A mourner displays a picture of slain Riyadh al-Nuri, a senior aide to anti-American cleric Moqtada al-Sadr during a funeral in Najaf, south of Baghdad, yesterday.

Iraqi police imposed a curfew to prevent an outbreak of violence in the southern Shi'ite holy city of Najaf yesterday, after a senior aide to anti-American cleric Moqtada al-Sadr was shot dead.

Police set up road blocks and drove through the city with loudspeakers ordering shops closed and people off the streets after Riyadh al-Nuri, a top Sadr aide whose sister is married to the cleric's brother, was gunned down.

Shi'ite cleric Sadr blamed the US and the US-backed Iraqi government for the slaying.
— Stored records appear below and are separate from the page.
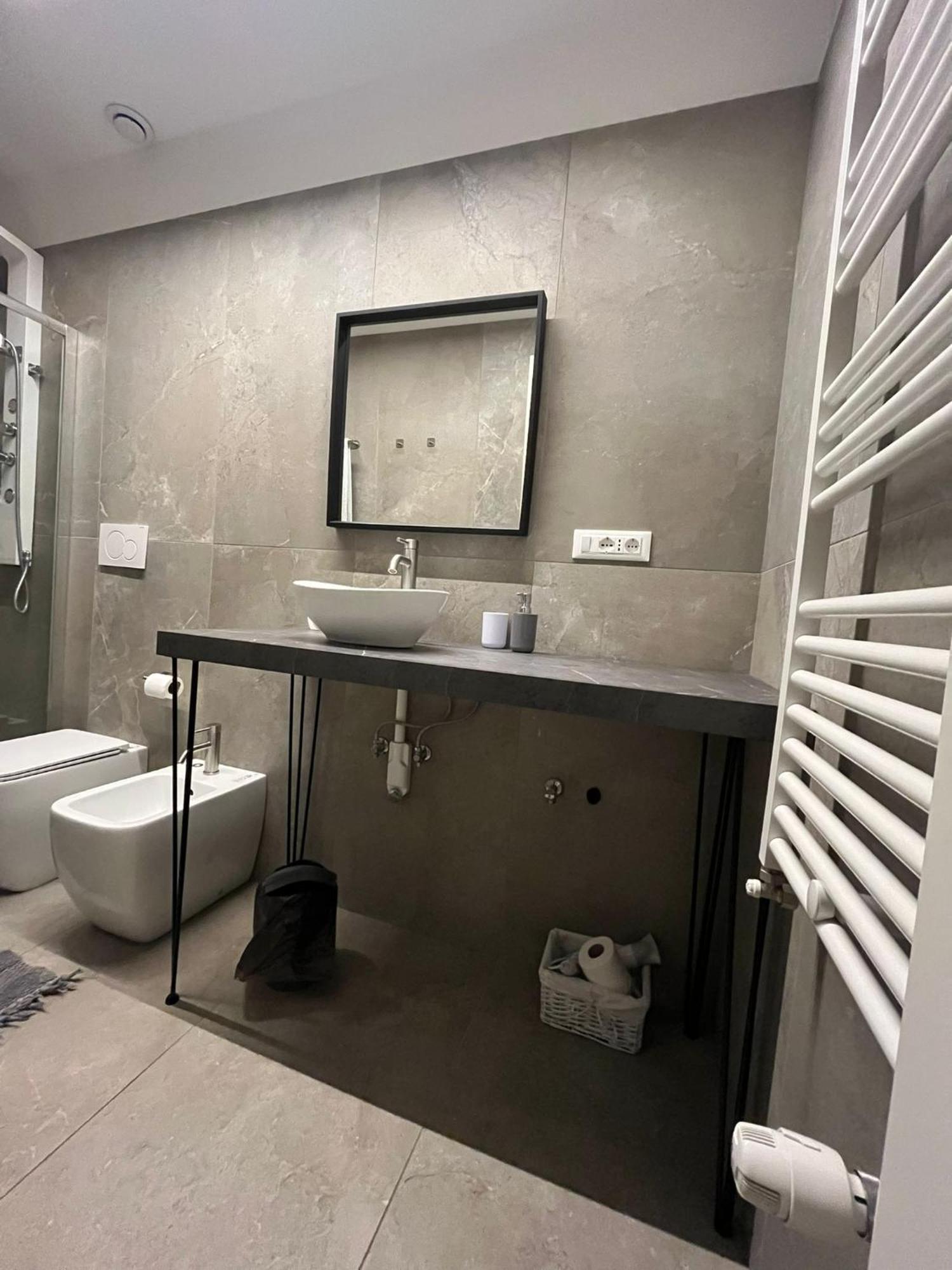 Snapstay Luxury Apartments In Centro A Trieste Ngoại thất bức ảnh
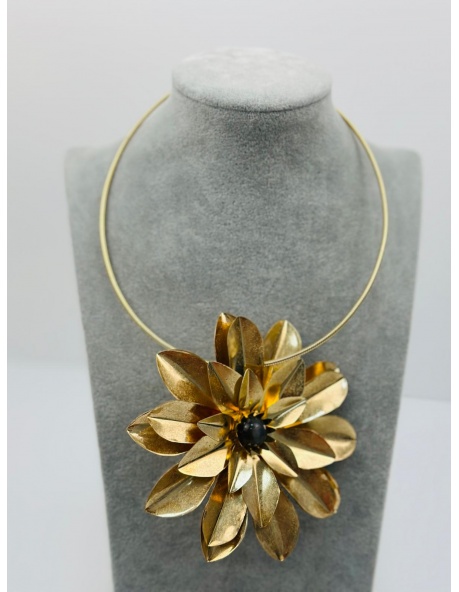 Collar Mercedes 2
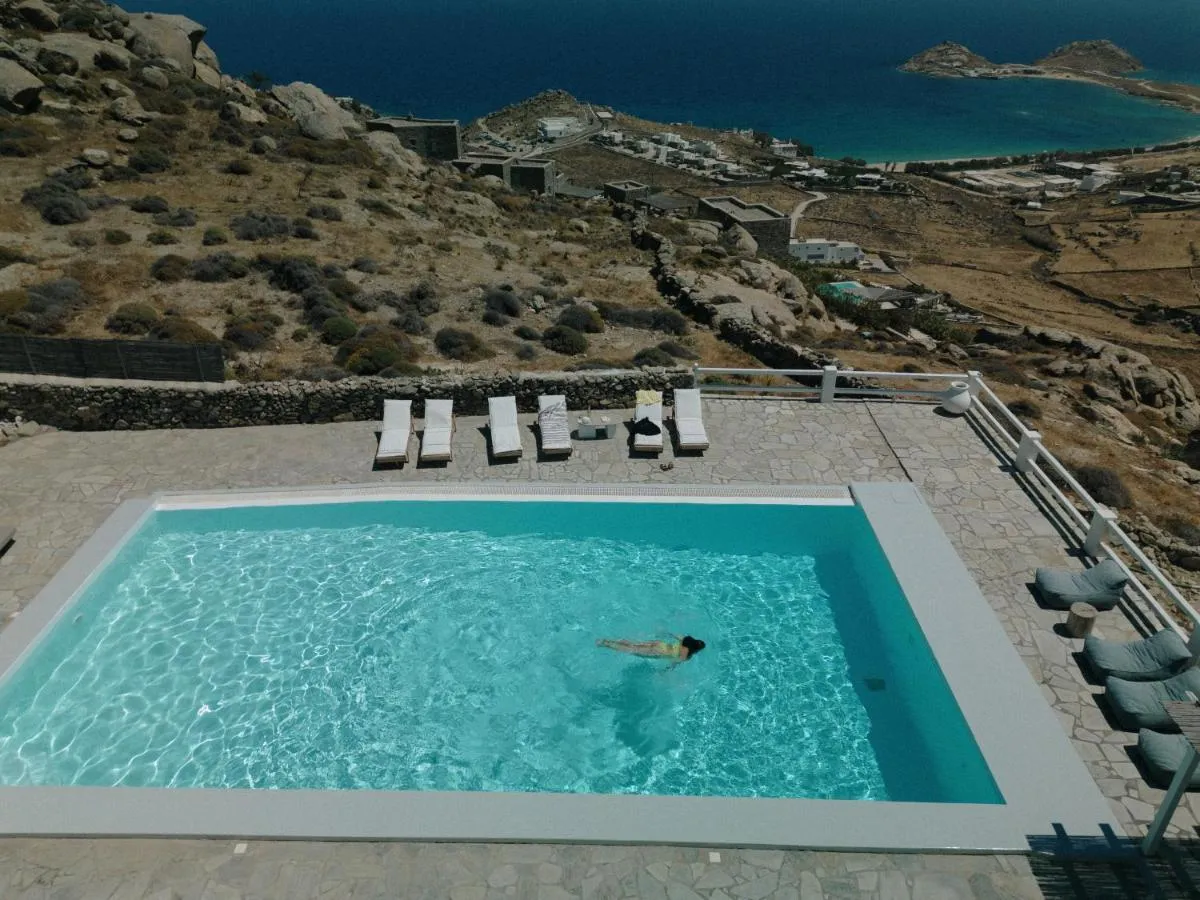 Mykonos Supreme Comfort Suites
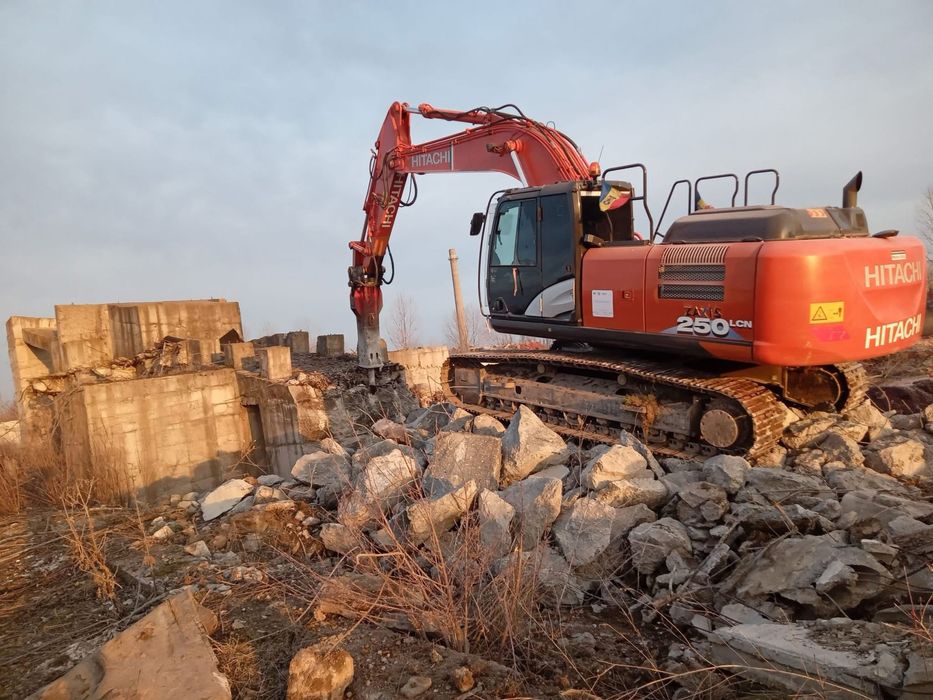 EXCAVATOR de închiriat , echipat cu , cupa 1,8m3 si picon 2 tone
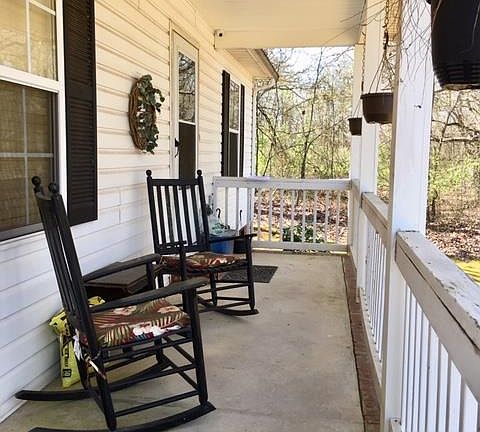 4th image of 219 Poston Cir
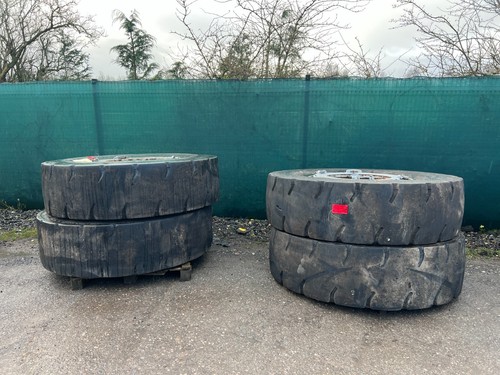 Goodyear 00r33 tyre wheel - goodyear, 18.00r33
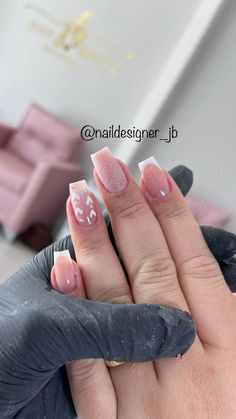 Decoracao unhas de fibra branca francesinha unhas de gel Nails Delicadas, The Audacity, Nail Salon Design, Pretty Nail Art Designs, Nails Desing, Elegant Nails, Dream Nails, Manicure E Pedicure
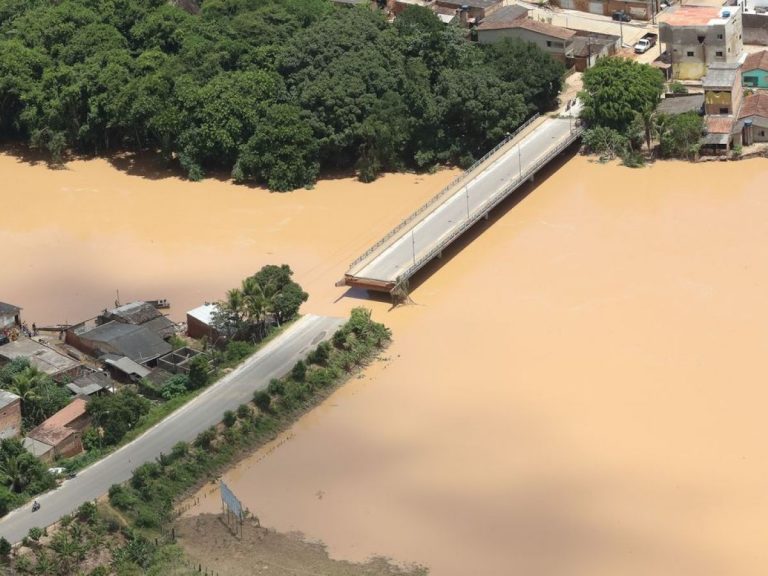 A Secretaria de Infraestrutura da Bahia (Seinfra) monitora 63 pontos em rodovias estaduais afetadas pelas fortes chuvas que atingem o estado.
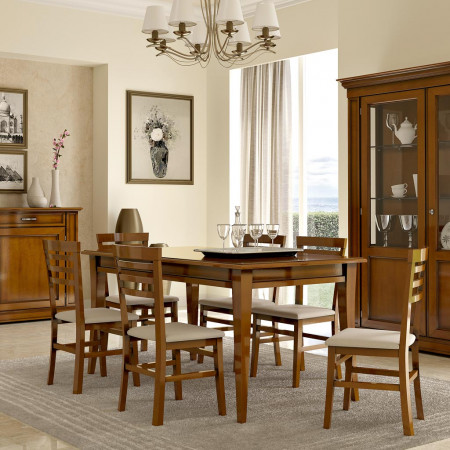 Sala da pranzo classica con tavolo rettangolare in ambientazione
"This is the hand of the occupier and his successor reaching out traitorously and aggressively against our precious martyr," the cleric said in a statement. "It is my vow that I will not forget this precious blood."

Dozens of angry followers gathered at Shi'ite Islam's main cemetery in the holy city to to bury Riyadh.

In a speech to mourners, Sadr aide Abdul-Hadi al-Mohammedawi quoted the cleric as saying followers should remain "calm and not to drift into strife".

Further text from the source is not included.